Published online April 8, 2003
http://image.thelancet.com/extras/03cmt87web.pdf
“The terror of the unknown is seldom better displayed than by the response of a population to the appearance of an epidemic, particularly when the epidemic strikes without apparent cause”.1 This quote from 1977 by Edward Kass, describing the fears surrounding the newly recognised legionnaires' disease, aptly describes the public response to the recent appearance of an unexplained atypical pneumonia referred to as severe acute respiratory syndrome (SARS).

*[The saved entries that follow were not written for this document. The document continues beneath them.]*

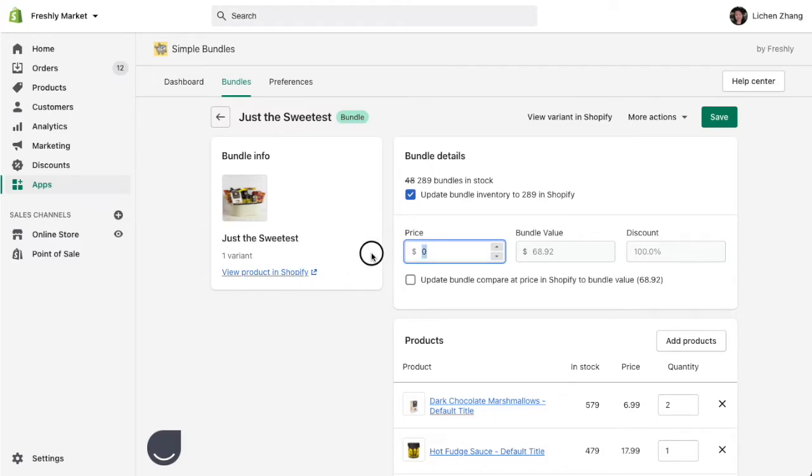Next, you can add a discount to your bundle. You can also update the compare at price that will let your customers see the discounted price on your product bundle page.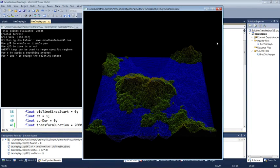Hello, my name is Jonathan Palmer. I'm a game designer and I wanted to show off some of the fractal terrain that I've been working on.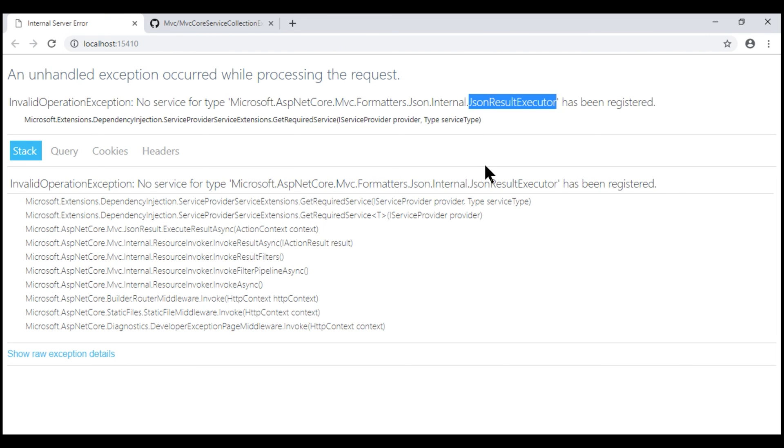I hope this clarifies the difference between addMVC and addMVCCore methods. That's it in this video. Thank you for watching.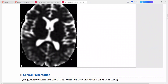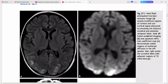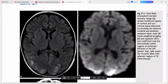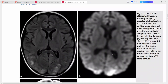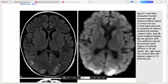This is the next case: a young adult woman in acute renal failure presenting with headache and visual changes. The FLAIR sequence shows multifocal regions of cortical and subcortical signal abnormality involving the bilateral occipital and posterior temporal lobes. On DWI and ADC mapping there are subtle regions of restricted diffusion.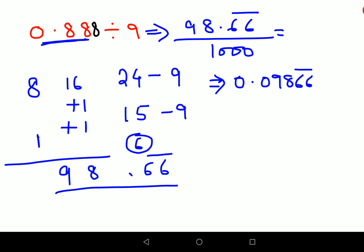For your DIY, please tell me: what will be the answer of 43.2 divided by 9? Let me know your answers in the comment section! That's it for today — I will see you in the next video.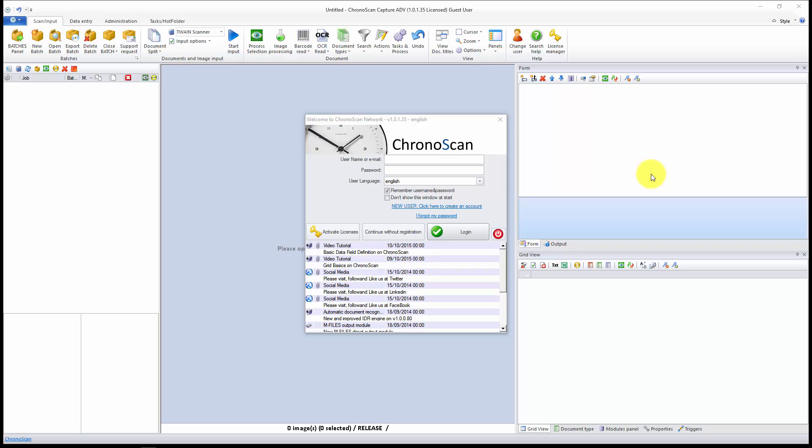Hello everyone, Gabriel here, and today we are going to learn a little bit about hot folders.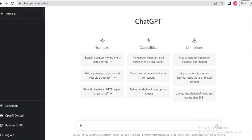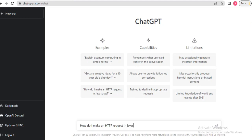Make an HTTP request in JavaScript. You can find your solution using ChatGPT. Please enter your requirement and hit the enter button to get the answer from ChatGPT.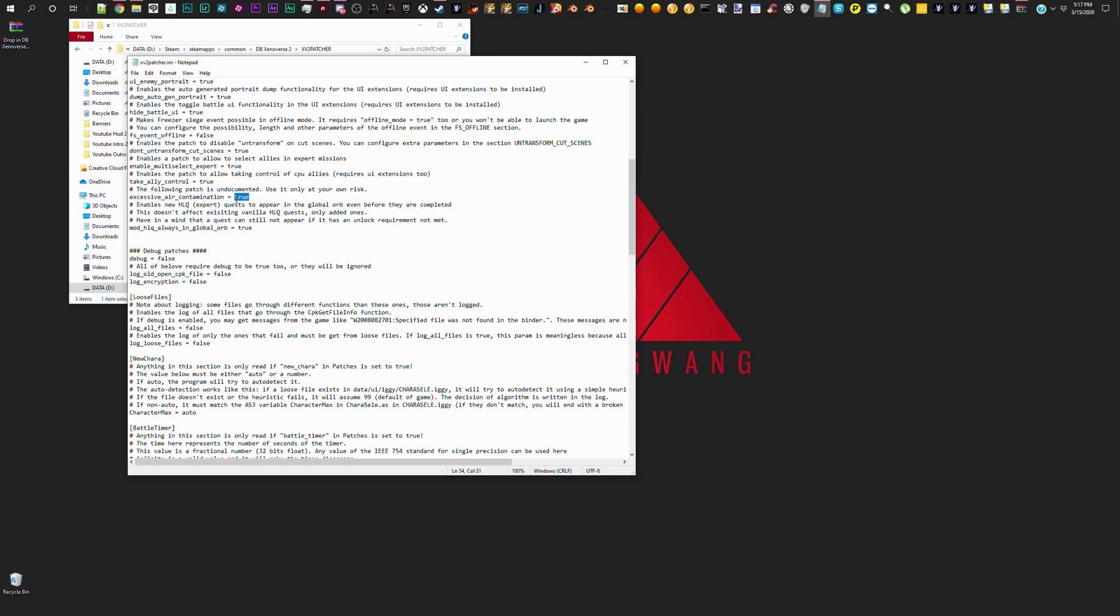This is originally going to say false, but you're supposed to change it to true. Once you change that to true, it magically allows you to play online with your friends.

In today's Lancet, Joseph Peiris and colleagues provide strong evidence that SARS is associated with a novel coronavirus that has not been previously identified in human beings or animals, and begin the process of eliminating the many unknowns from this new syndrome (figure ). The investigators used classic viral culture and serological techniques, as well as modern molecular genetic methods, to characterise and to determine the cause of the disease in 50 patients with SARS in Hong Kong. One of the strengths of their report, and an important means of establishing causality, is their analysis of specimens from control patients. None of 40 respiratory secretions from patients with other respiratory diseases contained coronavirus RNA, and none of 200 serum samples from blood donors had serum antibody to this new coronavirus. These findings significantly strengthen the tentative aetiological association reported by other investigators from the Centers for Disease Control and Prevention (CDCP) in Atlanta and from Toronto, who have also isolated a novel coronavirus from patients with SARS.2, 3 As other pathogens, such as human metapneumovirus and Chlamydia spp, are identified in SARS patients, it will be important to use control groups to determine their role in causality or as cofactors for severe disease.2, 4
The clinical features associated with SARS are rapidly becoming available through Peiris' and other reports.2, 5 The Hong Kong investigators identified five clusters of patients by using a modified WHO case definition for SARS, and describe the clinical manifestations of this serious disease. It is notable that nearly 40% of the patients developed respiratory failure that required assisted ventilation. Clinical descriptions will be important in modifying the case definition of this syndrome should it spread, as is likely, beyond the tightly linked clusters that have characterised the epidemiology of SARS thus far. Unfortunately, the early clinical appearance may not allow ready distinction from other common winter-time respiratory viral infections.6, 7 However, certain characteristics of SARS are noteworthy. The constellation of absence of upper respiratory symptoms, the presence of dry cough, and minimal auscultatory findings with consolidation on chest radiographs may alert the clinician to the possible diagnosis of SARS. The presence of lymphopenia, leucopenia, thrombocytopenia, and elevated liver enzymes and creatinine kinase may also raise suspicion.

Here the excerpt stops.